#### [WORK ORDER]
Reproduce, exactly and in full, only the lines below from the one containing "Nioobager canvas tote" through the one containing "DeLonghi Capsule Compact".
Segment Start: MATERIALS PROVIDED
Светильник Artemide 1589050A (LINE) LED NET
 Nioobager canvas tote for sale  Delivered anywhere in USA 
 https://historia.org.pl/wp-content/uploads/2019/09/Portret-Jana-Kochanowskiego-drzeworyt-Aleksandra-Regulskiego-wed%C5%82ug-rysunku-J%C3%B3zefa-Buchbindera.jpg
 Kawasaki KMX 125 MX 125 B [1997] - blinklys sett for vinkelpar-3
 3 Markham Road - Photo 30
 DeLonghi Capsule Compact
Segment End: MATERIALS PROVIDED
Segment Start: MATERIALS PROVIDED
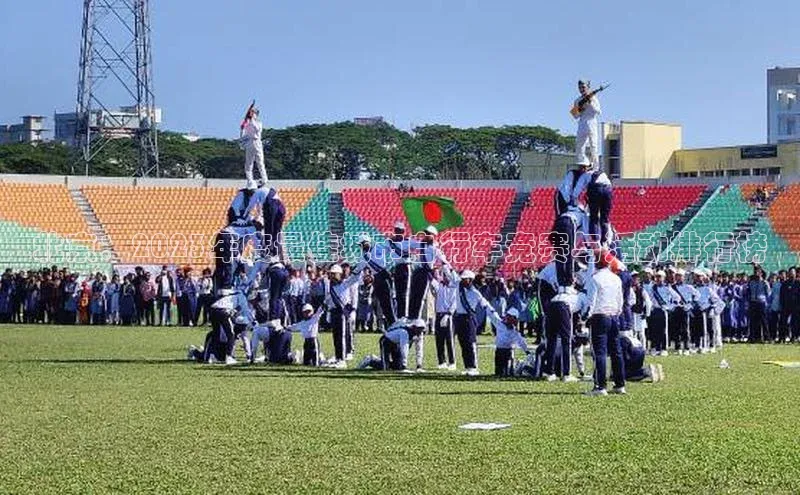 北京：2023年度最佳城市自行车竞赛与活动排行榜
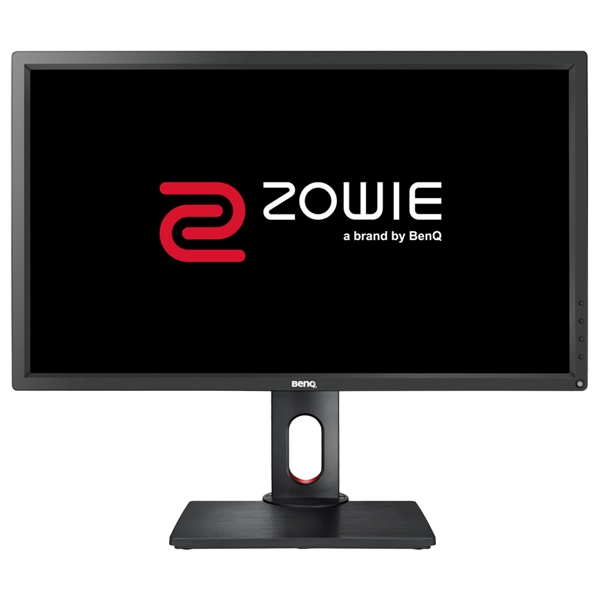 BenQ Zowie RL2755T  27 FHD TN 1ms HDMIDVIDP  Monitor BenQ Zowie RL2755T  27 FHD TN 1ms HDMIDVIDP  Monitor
Segment End: MATERIALS PROVIDED
Segment Start: MATERIALS PROVIDED
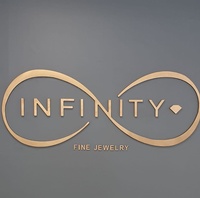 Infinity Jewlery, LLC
Segment End: MATERIALS PROVIDED
#### [WRITTEN REPLY]
 Nioobager canvas tote for sale  Delivered anywhere in USA 
 https://historia.org.pl/wp-content/uploads/2019/09/Portret-Jana-Kochanowskiego-drzeworyt-Aleksandra-Regulskiego-wed%C5%82ug-rysunku-J%C3%B3zefa-Buchbindera.jpg
 Kawasaki KMX 125 MX 125 B [1997] - blinklys sett for vinkelpar-3
 3 Markham Road - Photo 30
 DeLonghi Capsule Compact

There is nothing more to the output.